The scatter plot appears to exhibit a parabolic or curved pattern, indicating a potential non-linear relationship among the data points. The curvature suggests that there may be complex interactions or higher-order patterns present in the data that are not easily captured by a linear model.

In [None]:
# Get explained variance ratio
explained_variance_ratio = pca.explained_variance_ratio_

# Print explained variance ratio for each component
for i, variance_ratio in enumerate(explained_variance_ratio):
    print(f"Component {i+1}: {variance_ratio:.4f}")

Components 1 and 2 collectively explain approximately 53% of the total variance in the dataset. This indicates that these two components capture a significant portion of the variability present in the original features. The relatively high explained variance suggests that these components contain valuable information for predicting the target variable, graduation rate.

On the other hand, components 3 and above contribute much less to the overall variance explained, with component 3 explaining less than 7% of the variance. This suggests that the additional components beyond the first two contribute relatively less information compared to the initial components. These components may capture more noise or less meaningful patterns in the data.

In summary, components 1 and 2 capture a substantial amount of the variance in the dataset, while the remaining components contribute relatively less. By focusing on these important components, we can effectively reduce the dimensionality of the data while retaining key information for predicting graduation rates.

# Possible ML for Predicting Graduation Rate

1) Polynomial Regression: Since the scatter plot exhibits a parabolic or curved pattern, polynomial regression can be explored as a model that can capture non-linear relationships.

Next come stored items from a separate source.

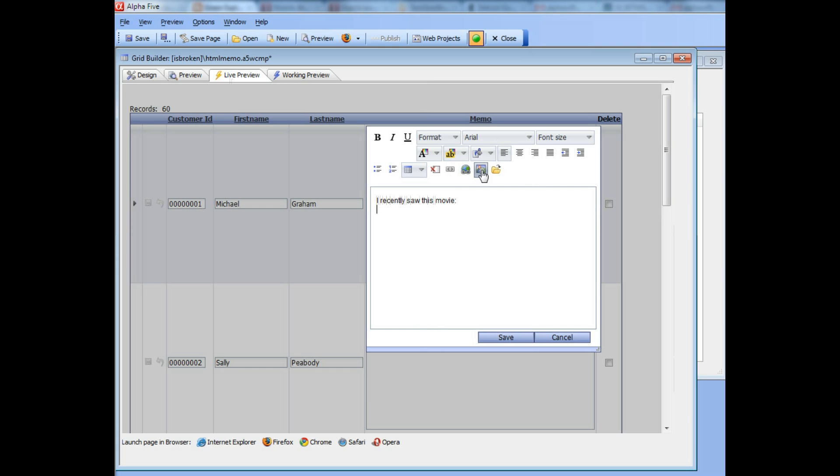I can click this new icon which shows on the toolbar, and this icon will only show if you've turned on allow image upload.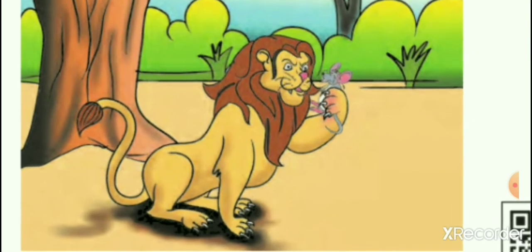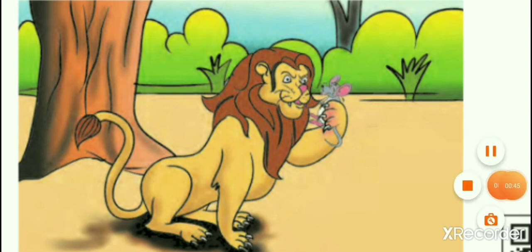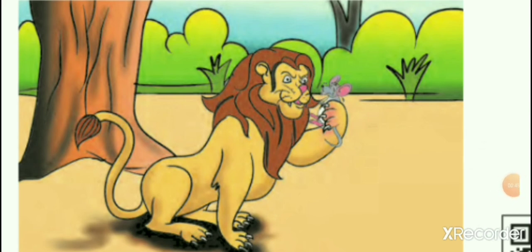So children, look at the screen. Do you understand? Yes.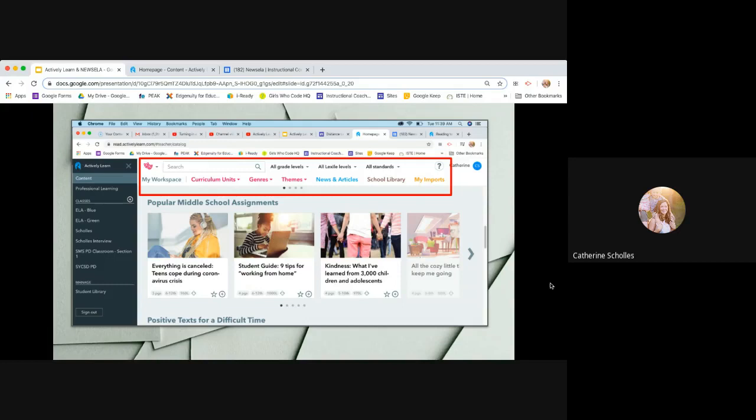You also have your imports over here. So if you have a text that you use that they do not have, they have thousands and thousands of texts. But if you find that you have a text you love, you can import it. You can upload it. So that's where you would upload whatever text that you want your students to view. And then over on the left are where all your classes are.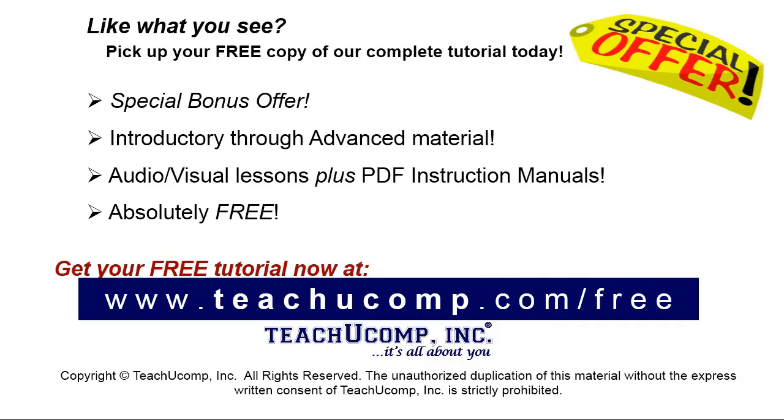Like what you see? Pick up your free copy of the complete tutorial at www.teachyoucomp.com/free.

By including polynomial terms of the principal components as additional features, a polynomial regression model may better capture the non-linearities in the data.

2) Random Forest Regression: Random forest regression is an ensemble learning model that can handle non-linear relationships effectively. It combines multiple decision trees to make predictions and can capture complex interactions and patterns in the data. By utilizing the principal components as input features, a random forest regression model may provide accurate predictions of graduation rates.

3) Linear Regression: Despite the presence of non-linear patterns in the scatter plot, it is still worth considering a linear regression model as a baseline approach. By using the principal components as input features, we can build a linear regression model to estimate graduation rates. However, it is important to keep in mind that the linear regression model may not capture the full complexity of the underlying relationships.